» **DATA FOR THE TASK**

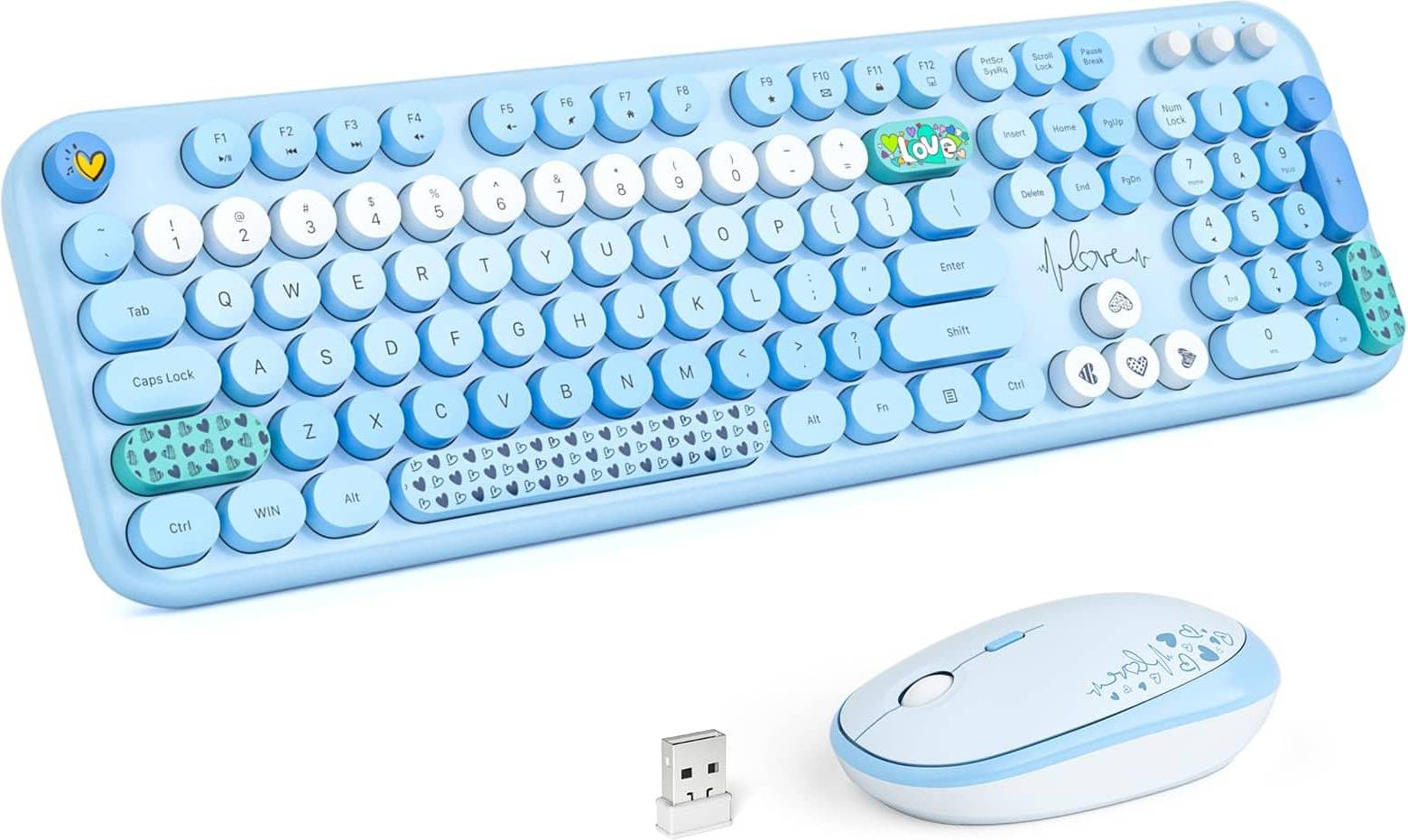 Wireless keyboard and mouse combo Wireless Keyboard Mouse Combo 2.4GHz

--

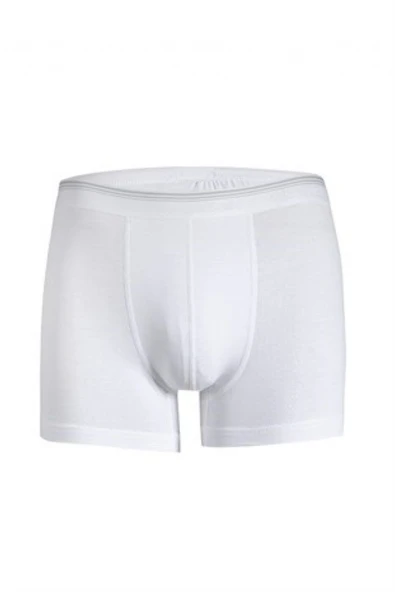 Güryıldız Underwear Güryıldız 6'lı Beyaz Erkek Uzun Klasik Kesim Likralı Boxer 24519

---

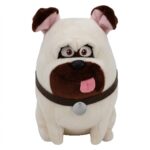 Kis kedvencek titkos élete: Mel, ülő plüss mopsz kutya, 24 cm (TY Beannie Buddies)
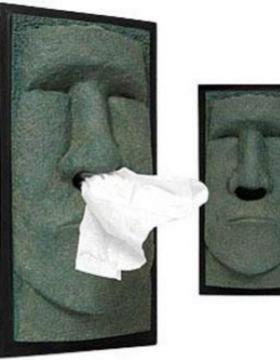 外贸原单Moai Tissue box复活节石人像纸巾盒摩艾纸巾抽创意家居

» **TASK DETAILS**
Look above for the line with "Kis kedvencek titkos", then print it and each line after it down to and including the line with "外贸原单Moai Tissue box复活节石人像纸巾盒摩艾纸巾抽创意家居". Leave out the pictures and keep the wording exact.

» **SOLUTION TO THIS PROBLEM**
 Kis kedvencek titkos élete: Mel, ülő plüss mopsz kutya, 24 cm (TY Beannie Buddies)
 外贸原单Moai Tissue box复活节石人像纸巾盒摩艾纸巾抽创意家居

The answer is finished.